Configure multilingual full-text search¶

How language detection works¶

plone.pgcatalog reads the Language field from each object during indexing. This field is set by plone.app.multilingual for multilingual sites, or can be set manually on content types.
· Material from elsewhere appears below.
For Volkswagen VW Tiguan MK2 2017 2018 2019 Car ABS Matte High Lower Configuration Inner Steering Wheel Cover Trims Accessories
The language code is mapped via pgcatalog_lang_to_regconfig() (a PL/pgSQL function) to select the correct PostgreSQL text search configuration (stemmer) at both index time and query time.

Supported languages¶

30 languages are supported out of the box:

Language	ISO Code	PG Config	BM25 Tokenizer
Arabic	`ar`	`arabic`	Snowball
Armenian	`hy`	`armenian`	Snowball
Basque	`eu`	`basque`	Snowball
Catalan	`ca`	`catalan`	Snowball
Danish	`da`	`danish`	Snowball
Dutch	`nl`	`dutch`	Snowball
English	`en`	`english`	Snowball (Porter2)
Estonian	`et`	`estonian`	Snowball
Finnish	`fi`	`finnish`	Snowball
French	`fr`	`french`	Snowball
German	`de`	`german`	Snowball
Greek	`el`	`greek`	Snowball
Hindi	`hi`	`hindi`	Snowball
Hungarian	`hu`	`hungarian`	Snowball
Indonesian	`id`	`indonesian`	Snowball
Irish	`ga`	`irish`	Snowball
Italian	`it`	`italian`	Snowball
Lithuanian	`lt`	`lithuanian`	Snowball
Nepali	`ne`	`nepali`	Snowball
Norwegian	`nb`/`nn`/`no`	`norwegian`	Snowball
Portuguese	`pt`	`portuguese`	Snowball
Romanian	`ro`	`romanian`	Snowball
Russian	`ru`	`russian`	Snowball
Serbian	`sr`	`serbian`	Snowball
Spanish	`es`	`spanish`	Snowball
Swedish	`sv`	`swedish`	Snowball
Tamil	`ta`	`tamil`	Snowball
Turkish	`tr`	`turkish`	Snowball
Yiddish	`yi`	`yiddish`	Snowball
Chinese	`zh`	`simple`	jieba
Japanese	`ja`	`simple`	lindera
Korean	`ko`	`simple`	lindera

Objects with unmapped or empty Language fall back to 'simple' config (no stemming, no stop words).

Tsvector (default, no configuration)¶

Language-aware stemming works automatically for the searchable_text column. No configuration is needed beyond installing plone.app.multilingual. The tsvector is built with per-object language detection:

Title and Description use 'simple' config (no stemming, weight A/B)
SearchableText body uses the object’s Language field mapped to the appropriate regconfig (weight D)

BM25 per-language columns¶

To enable per-language BM25 ranking:

# Explicit list
export PGCATALOG_BM25_LANGUAGES=en,de,fr,zh

# Auto-detect from site languages
export PGCATALOG_BM25_LANGUAGES=auto

Requires VectorChord-BM25 extensions. See Enable BM25 ranking.

Each configured language gets a dedicated search_bm25_{lang} column. At query time, the search language determines which column is used for BM25 scoring. The fallback search_bm25 column handles unconfigured languages and cross-language search.

CJK languages¶

Chinese, Japanese, and Korean use specialized segmenters (jieba/lindera) instead of Snowball stemmers. These are provided by pg_tokenizer and work automatically with BM25Backend.

For tsvector (without BM25), CJK languages fall back to 'simple' config, which provides basic whitespace tokenization. For better CJK search quality, enable BM25.